Pour les soldats afro-américains partis combattre en Europe dans le cadre de la grande guerre, le retour au pays eut un goût amer. Loin de recevoir la reconnaissance et les honneurs attendus, les anciens combattants subirent hostilités et violences. Pour de nombreux Blancs, il était urgent de tourner la page de la guerre et de reprendre le cours de la vie d'avant. Dans cette logique, le système ségrégationniste devait se maintenir, inchangé. Dans cette logique, la vision de soldats noirs arborant leurs tenues militaires fut assimilée à une véritable provocation et le prélude au surgissement d'une vague de violences racistes. Au cours de l'été 1919, des émeutes éclatèrent dans tout le pays. Les violences concernaient non seulement les bastions ségrégués du Vieux Sud, mais aussi les métropoles du Nord. (1) A Chicago, on déplorait ainsi 38 morts à l'issue de "l'été rouge".

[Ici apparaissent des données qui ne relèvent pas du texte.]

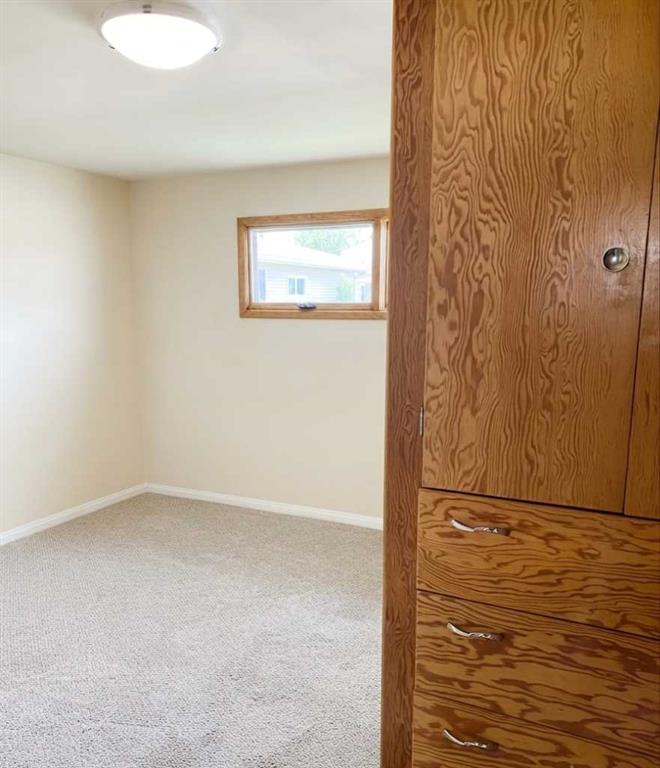 Picture of 1522 20 Avenue , Didsbury Real Estate Listing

Allocution de Marcus Garvey en 1920. [Keystone View Co. Inc. of N.Y., Public domain, via Wikimedia Commons] |
Ce raidissement raciste se mesurait également à la résurrection des formations suprématistes blanches. Le Klan, qui avait presque disparu à la fin du XIXème siècle, connut ainsi un succès sans précédent au cours des années 1920. En 1925, par exemple, quarante mille klansmen défilèrent devant la Maison Blanche à visage découvert.
C'est dans ce contexte explosif que Marcus Garvey développa un message identitaire et s'imposa comme le plus influent des pionniers de la cause noire. Né en Jamaïque en 1887, le jeune homme fonda en 1914 l'Universal Negro Improvement Association (UNIA) dont l'ambition était d'améliorer les conditions de vie des Noirs de son île. Face à l'hostilité des autorités locales, Garvey émigra aux Etats-Unis en 1916 et y fonda une succursale de l'UNIA. Rhéteur de talent, il développa dans ses discours enflammés un message politique identitaire offensif. Son message se démarquait tant des options assimilationnistes d'un Booker T. Washington que de la solidarité interraciale de classe défendue par Du Bois et les socialistes. "Chantre du nationalisme noir, [Garvey] prônait la fierté des origines, la liberté sociale, économique et politique et l'autodétermination pour les Noirs du monde entier. " (source A. p90)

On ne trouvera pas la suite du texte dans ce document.